▸ **Supplied data**:

Start of Block

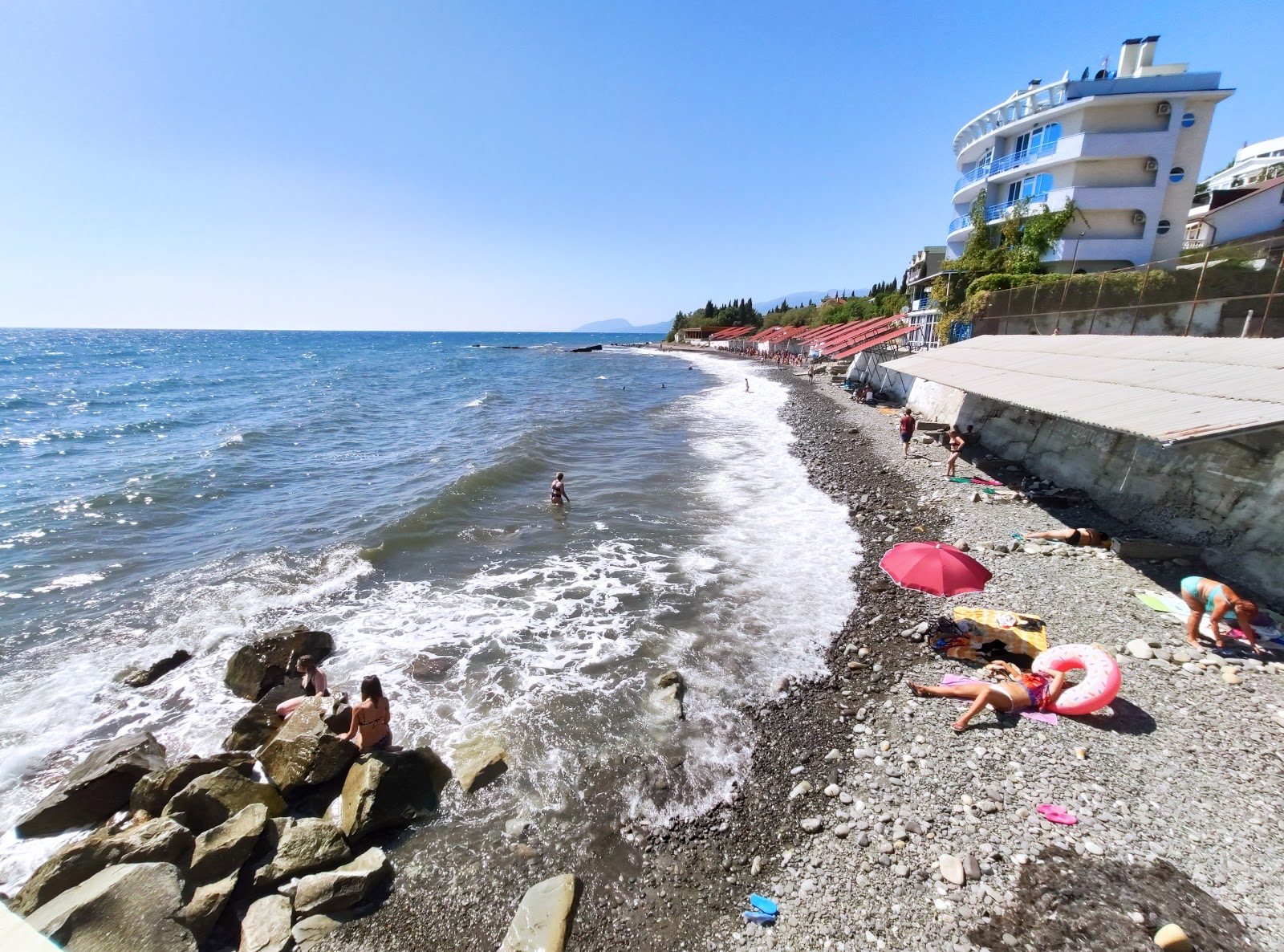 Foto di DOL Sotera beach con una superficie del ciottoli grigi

End of Block
Start of Block

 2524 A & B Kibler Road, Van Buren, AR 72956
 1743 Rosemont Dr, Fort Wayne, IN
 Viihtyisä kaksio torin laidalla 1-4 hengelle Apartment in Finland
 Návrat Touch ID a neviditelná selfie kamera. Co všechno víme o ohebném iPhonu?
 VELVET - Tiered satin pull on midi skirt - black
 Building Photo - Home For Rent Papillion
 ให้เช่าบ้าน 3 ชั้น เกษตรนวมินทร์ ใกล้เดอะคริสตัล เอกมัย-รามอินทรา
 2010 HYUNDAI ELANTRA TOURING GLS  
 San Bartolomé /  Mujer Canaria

End of Block
Start of Block

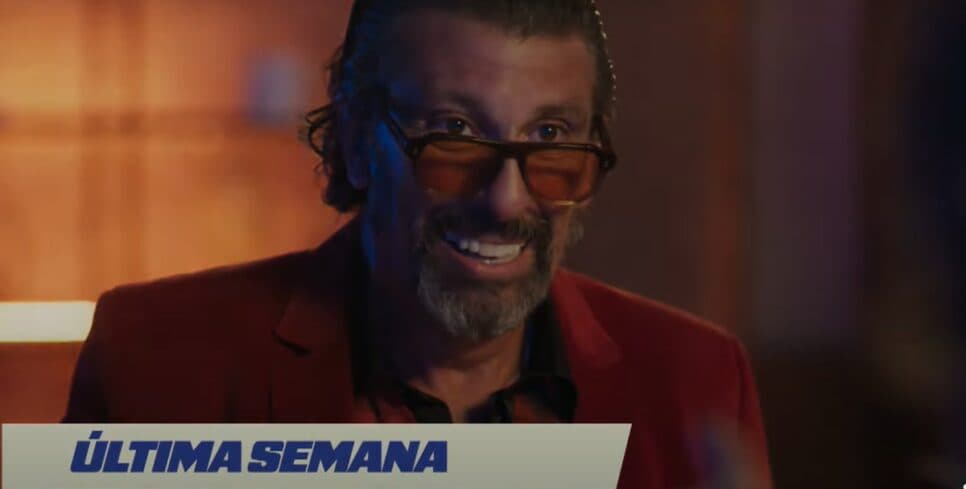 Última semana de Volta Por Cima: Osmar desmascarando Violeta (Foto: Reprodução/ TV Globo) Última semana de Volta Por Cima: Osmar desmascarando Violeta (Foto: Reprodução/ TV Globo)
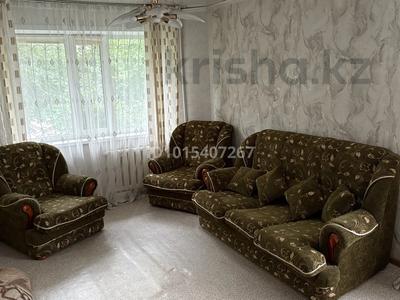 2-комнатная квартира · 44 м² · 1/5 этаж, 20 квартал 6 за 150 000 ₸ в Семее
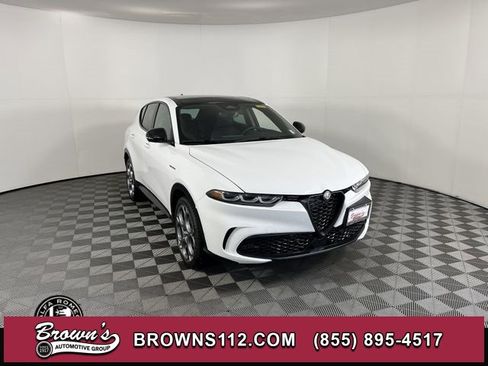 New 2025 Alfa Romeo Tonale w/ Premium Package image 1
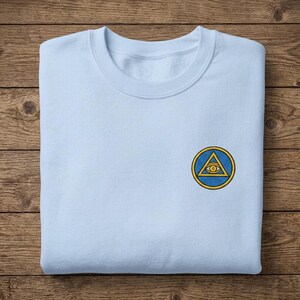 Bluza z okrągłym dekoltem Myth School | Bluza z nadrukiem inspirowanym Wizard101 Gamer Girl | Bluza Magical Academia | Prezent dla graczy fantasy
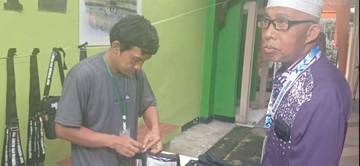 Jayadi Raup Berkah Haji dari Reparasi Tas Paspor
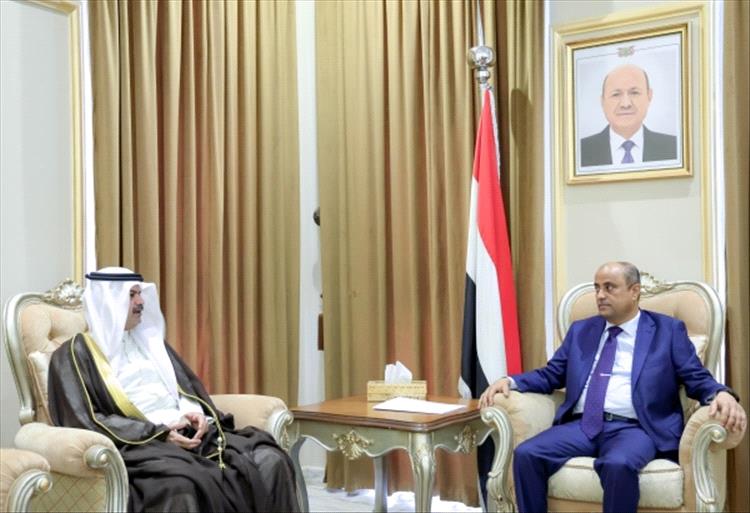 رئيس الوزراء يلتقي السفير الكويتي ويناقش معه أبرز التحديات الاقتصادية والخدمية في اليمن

End of Block

▸ **Exercise goal**: Find where the line with "2524 A & B Kibler Road, Van Buren, AR 72956" sits in the material above, then copy exactly from it through the line with "San Bartolomé /". Add no other line.

▸ **Task answer**:
 2524 A & B Kibler Road, Van Buren, AR 72956
 1743 Rosemont Dr, Fort Wayne, IN
 Viihtyisä kaksio torin laidalla 1-4 hengelle Apartment in Finland
 Návrat Touch ID a neviditelná selfie kamera. Co všechno víme o ohebném iPhonu?
 VELVET - Tiered satin pull on midi skirt - black
 Building Photo - Home For Rent Papillion
 ให้เช่าบ้าน 3 ชั้น เกษตรนวมินทร์ ใกล้เดอะคริสตัล เอกมัย-รามอินทรา
 2010 HYUNDAI ELANTRA TOURING GLS  
 San Bartolomé /  Mujer Canaria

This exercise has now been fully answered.